Since Leon had to leave his sword behind in storming the castle, the cognizant Rinaldo Gandolfi supplied him the Whip of Alchemy, which was strong enough to hold back evil but not strong enough to challenge Walter. He also granted Leon the ability to harness and utilize magic power in the category of enchantment, which was instrumental in his creation of the famous family arsenal. Using his new arsenal, Leon was able to rescue Sara only to discover a terrible truth: She had been bitten by Walter, and it was only by the antagonist vampire's destruction, we learned, that her state could be reversed, lest a chain of events would ultimately result in Sara joining Walter in eternal darkness. Since his defeat was impossible under present conditions, Rinaldo could speak of only one solution: Walter could be defeated, maybe, by using his own essence against him. To accomplish this, Leon would have to strike down the hopeless and eventually volunteering Sara with the Whip of Alchemy; his rage combined with her will to prevent others from suffering the same cursed fate would transform the whip into the Vampire Killer, a living symbol of her will and a weapon that could be used to destroy the undead and the divine alike. In one violent yet pained motion, Leon completed the process. In striking down his beloved, Leon created the ultimate weapon against evil, a device that while seemingly foolproof would have for its use certain consequences (this to be explored later).

But where did those other weapons originate? You know--those same five sub-weapons that have since become a series staple? It was in reality all so simple: During Walter's reign, there were others who attempted to venture into his castle and destroy him, but they failed miserably. These hunters, knights and warriors in defeat could only leave behind their weapons. During his adventure, Leon simply gathered up five random weapons (a battle axe, a vial of holy water, a dagger, a cross and a crystal) and would command them as his own; he would in using his newfound magical propensity, specifically seven specially imbued orbs, augment these new sub-weapons, reshape their attributes, and enhance their efficiency as killing machines. So by the end of his mission, Leon had at his disposal the Vampire Killer whip and five sub-weapons of now-mystical proportion (the stopwatch had yet to find its way into the arsenal). Soon after Walter's dispatching, and after revealing his true intentions, Mathias, too, relieved Leon of his presence and left behind his chief henchman, the overconfident Death, who would come to taste humble pie and more specifically the power of the newly crafted Vampire Killer. Leon had an order for the fleeting Reaper, a message he wanted delivered to the fallen angel's recently departed master: "This whip and my kinsmen will destroy you someday. The Belmont Clan will hunt the night!"

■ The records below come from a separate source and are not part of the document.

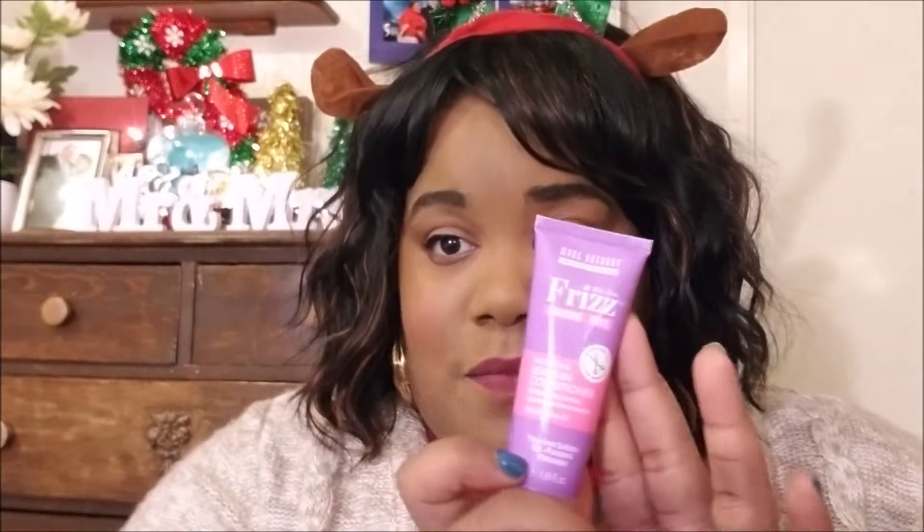I got this one last month and it works really good. It's a leave-in conditioner and it's been making my hair very soft. It's almost full-size — a good sample size. This is the Marc Anthony True Professional Frizz Silicone Free Bye Bye Frizz leave-in conditioner, and I thought this was a really good sample size for ipsy.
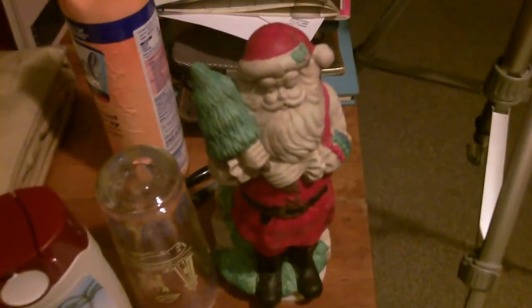We also have this wind-up Santa chime doll. Let's wind her up — and she's moving, Santa is moving! So this has been my finds for now. I'm inside today, so Mr. Dumpster Diver signing off for now. Hope you have enjoyed this video.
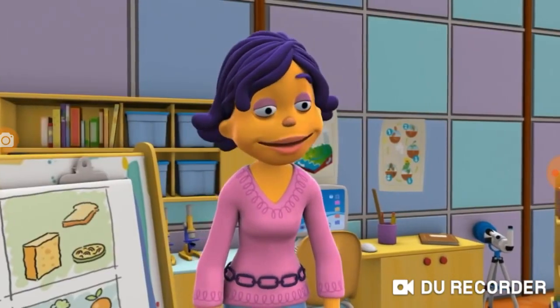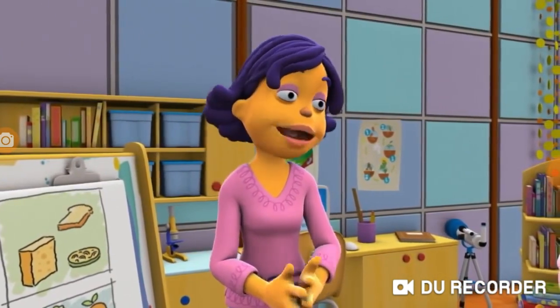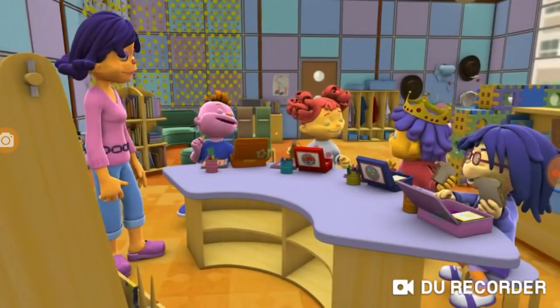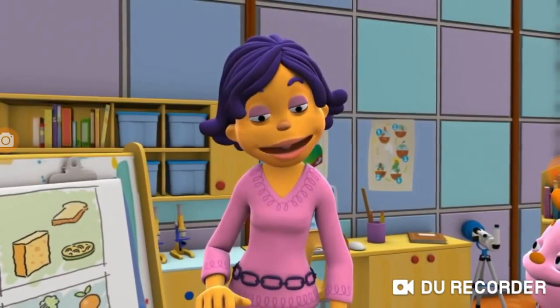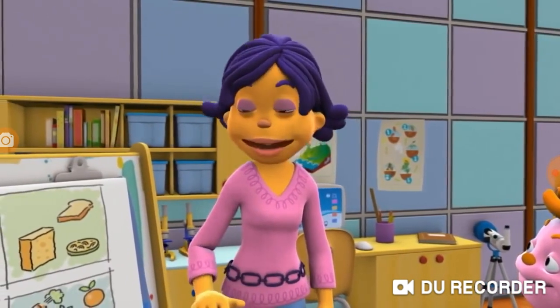Sid, it's okay to have cake every once in a while, just not every day for every meal. I can have cake sometimes! Now let's take out the food from your lunchboxes and place everything into the different food groups. And when you're done, you can each draw a picture of a nutritious meal in your journal.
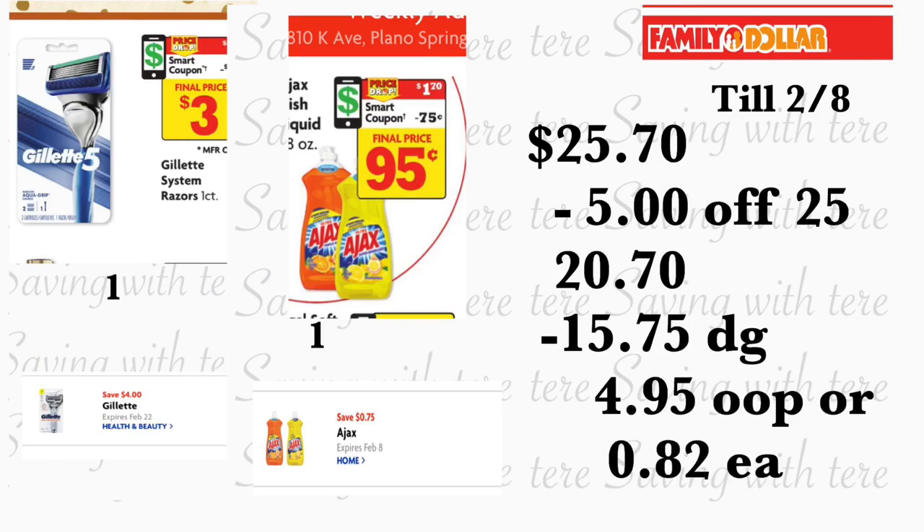Total de este escenario le va a quedar por veinticinco dólares con setenta centavos. Después de que la cajera escanee sus productos, usted va a poner su número de teléfono — su cupón de $5.25 se va a descontar, más quince dólares con setenta y cinco centavos en cupones digitales. Pagaría solamente $4.95 de su bolsillo, o solamente ochenta y dos centavos por cada producto. ¡Súper súper ahorro! Yo voy a tratar de realizar esta compra si encuentro estos productos y les estaré compartiendo cómo me quedó. Eso es todo por este video — por favor no se les olvide darle me gusta, compartir mi video, y los veré en el próximo. ¡Adiós!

It's true that Leon unwittingly helped create the cycle that would repeatedly threaten his kinsmen and all of Europe, so he knew that he now had a certain responsibility. To ensure the world's safety, he would have to pass down the arsenal into the capable arms of younger and more equipped family members so that they could train properly to hunt vampires and battle against all forms of evil--this a process that would have to be repeated. For if evil would always find a way to grow stronger and haunt this world, the ever-vigilant, steadfast Belmont Clan would be waiting. And so it was on.